The ECMAScript specification doesn't (and cannot) mandate any specific internal representation, nor does it provide any requirements on how a C API must represent strings. The current convention of using CESU-8 for standard ECMAScript strings is thus not really mandatory. However, if an alternative representation is used, it MUST behave identically as far as script code is concerned.
Automatically combining surrogates in internal representation
One alternative to the current internal representation is to:
- Keep the current CESU-8 + UTF-8 + extended UTF-8 as the base representation.
- When conceptual ECMAScript strings contain correctly paired surrogates, combine the surrogates into the actual non-BMP codepoint. The resulting codepoint is then valid UTF-8 and not CESU-8.
- When a non-paired surrogate is found, encode it as CESU-8 as before.
- This process must be applied to all inputs, both script code and C code, so that a certain conceptual ECMAScript string has a unique duk_hstring representation. (If this is not the case, string comparison using an interned string pointer would no longer be valid which leads to a lot of complications.)
This would have the upside that:
- Valid Unicode strings in UTF-8 codepoint range (U+0000 to U+10FFFF without surrogate range U+D800 to U+DFFF) would appear as valid UTF-8 (not CESU-8) in the C API.
- Pushing UTF-8 strings would produce strings that behaved like standard ECMAScript strings, i.e. they would conceptually have surrogate pairs in place of non-BMP.
And a few downsides:
- All the internal code would need to maintain an "as if" illusion: such strings must appear as uninterpreted 16-bit codepoint sequences, and all 16-bit codepoint sequences must still work without difference as far as script code is concerned. This is not trivial, more on this below.
- One would no longer be able to push an arbitrary byte sequence as a string (duk_push_string()) and then read it back as is. The automatic surrogate combination would mean the output might be different, with surrogates represented in CESU-8 combined into UTF-8. This is a loss of current functionality which has been useful for some applications; one can e.g. push ISO-8859-1 strings as is, and read them back. Script code will see such strings as being somewhat broken, but they have previously passed through without modification.
Some internals where the "as if" illusion must be maintained:
- String
.length
must count non-BMP codepoints as 2 codepoints to get the standard length. - String.charCodeAt() and all other String functions must use an index scheme that references the conceptual 16-bit codepoint sequence index (where each non-BMP counts as two indices), and allow reading, substringing, etc, both of the surrogate pairs individually.

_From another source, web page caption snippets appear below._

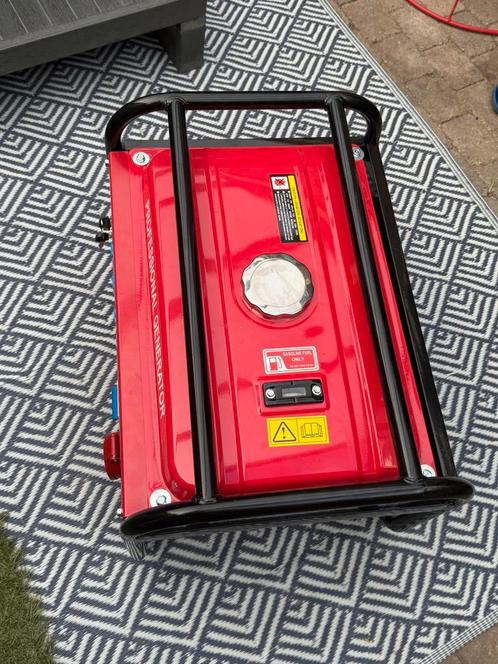 2200w aggregaat nieuw, Motoren, Accessoires | Overige, Nieuw, Ophalen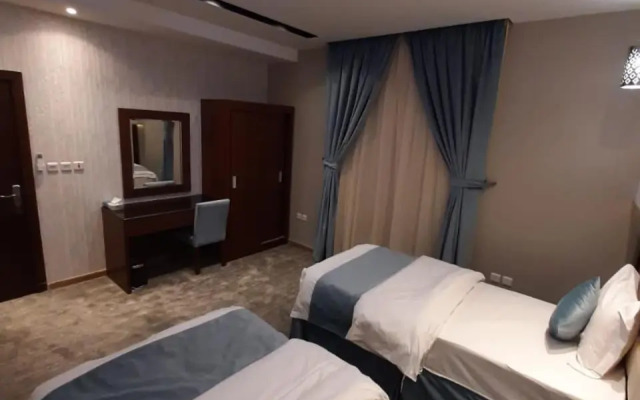 شقق نيروز الرياض للوحدات المخدومة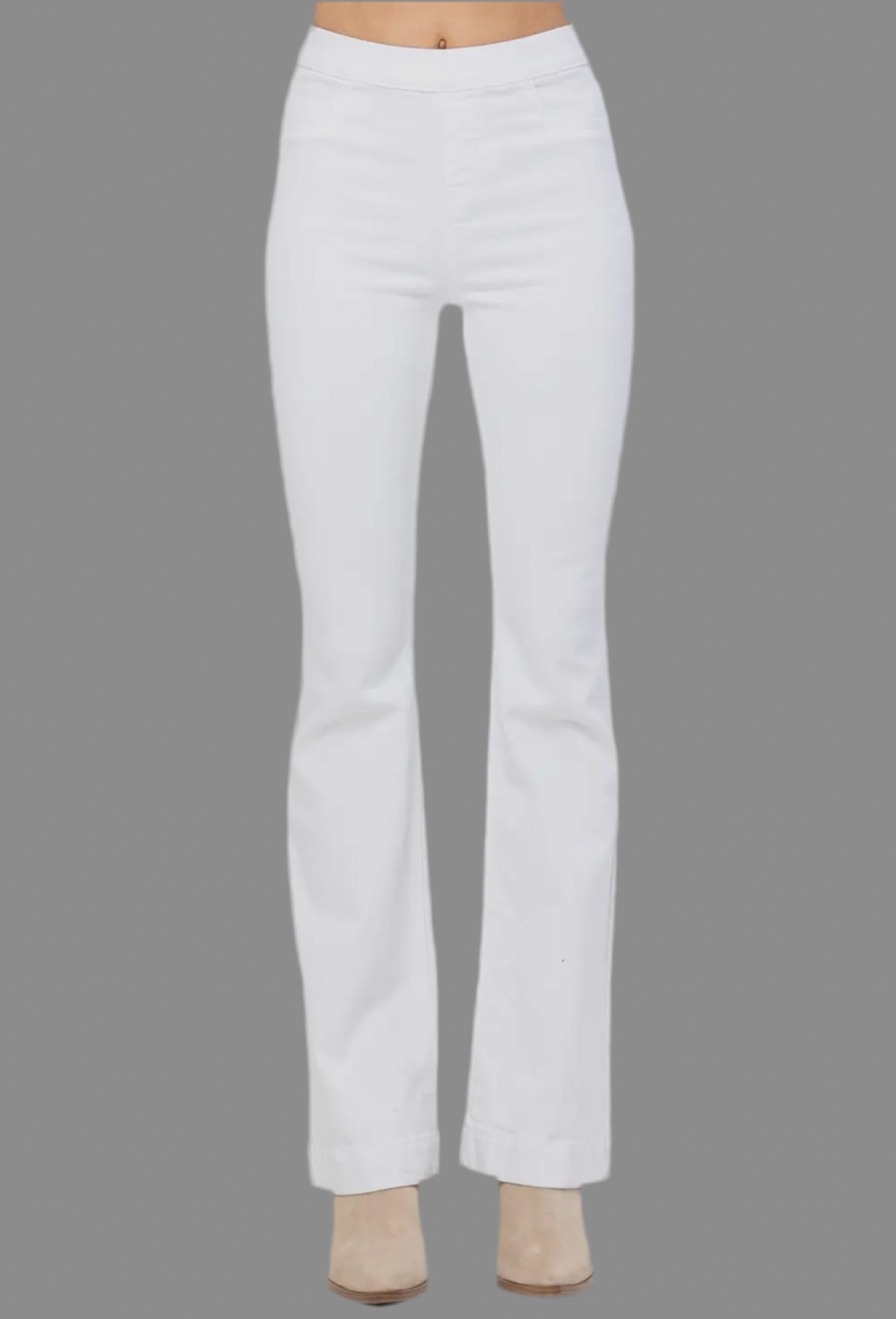 Jelly Jeans HR Pull On Flare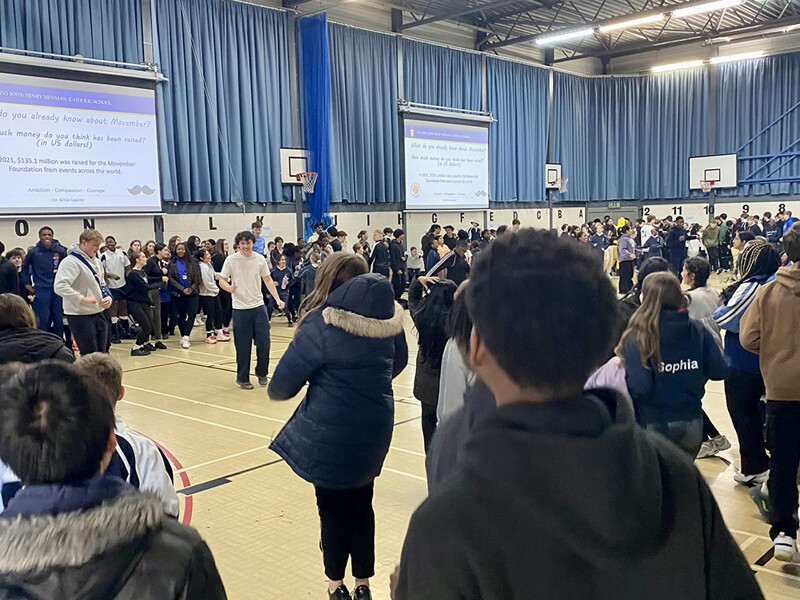 Year 7 & 12 Fun Run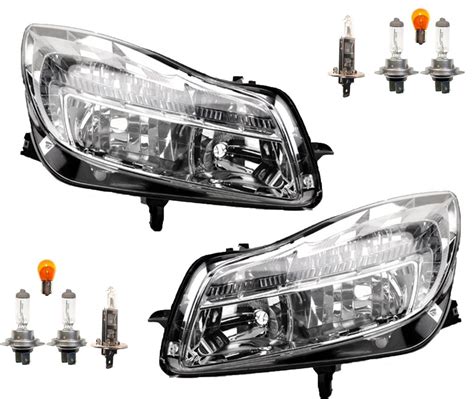 Johns Scheinwerfer Halogen Passend F R Opel Kaufland De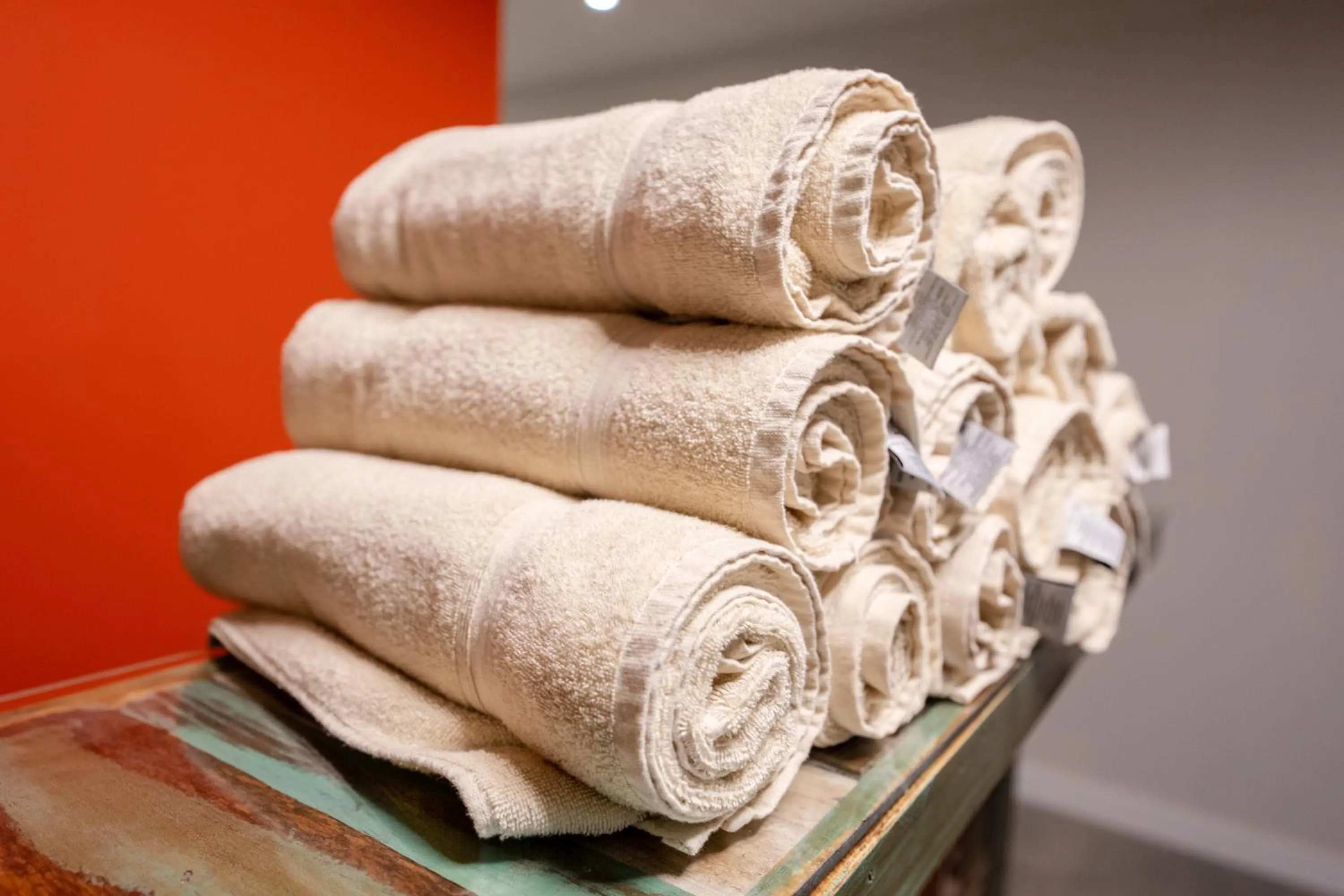 Swimming pool in Cilene del Fuego Suites & Spa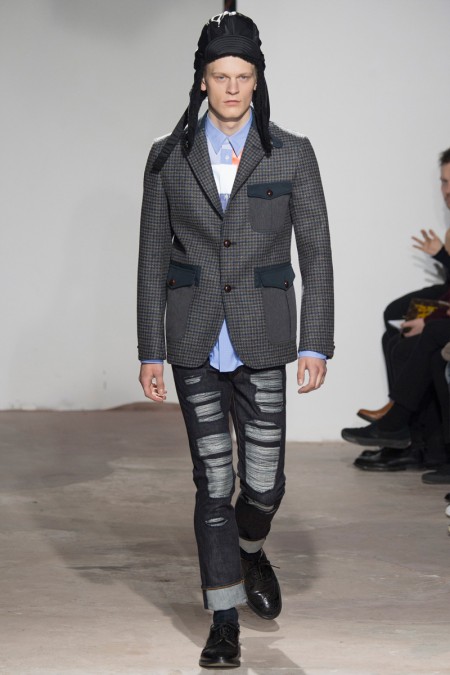 Junya Watanabe 2016 Fall Winter Mens Collection 024
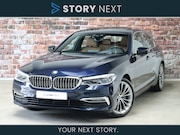 BMW 5-serie - Sedan 520i High Executive Luxury Line Automaat / Schuif-/kan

- There's no longer an easy "char offset to byte offset" internal primitive. Currently such a conversion maps an integer to an integer (or error). For non-BMP characters the result would now be a tuple: an integer pointing to the start of the codepoint, and a flag indicating whether we want the high or the low surrogate. All places maintaining "current offset" must track that additional flag somehow (it could maybe be encoded as the high bit of a 32-bit unsigned value?).
- When doing string replacements, code must always check whether the replacements created valid surrogate pairs from previously unpaired surrogates. They must be merged, to maintain a unique strnig representation. Such surrogates may appear at the edges of replacement strings.
- When combining strings, must check for previously unpaired surrogates at string join point.
- RegExp matching must match non-BMP codepoints as two surrogates individually as far as patterns are concerned. It must be possible to capture only one of the surrogates, backtrack each surrogate individually, match start offset must try both surrogates as starting points, etc.
- RegExp /u mode would work trivially with this internal representation, as the codepoints are already combined.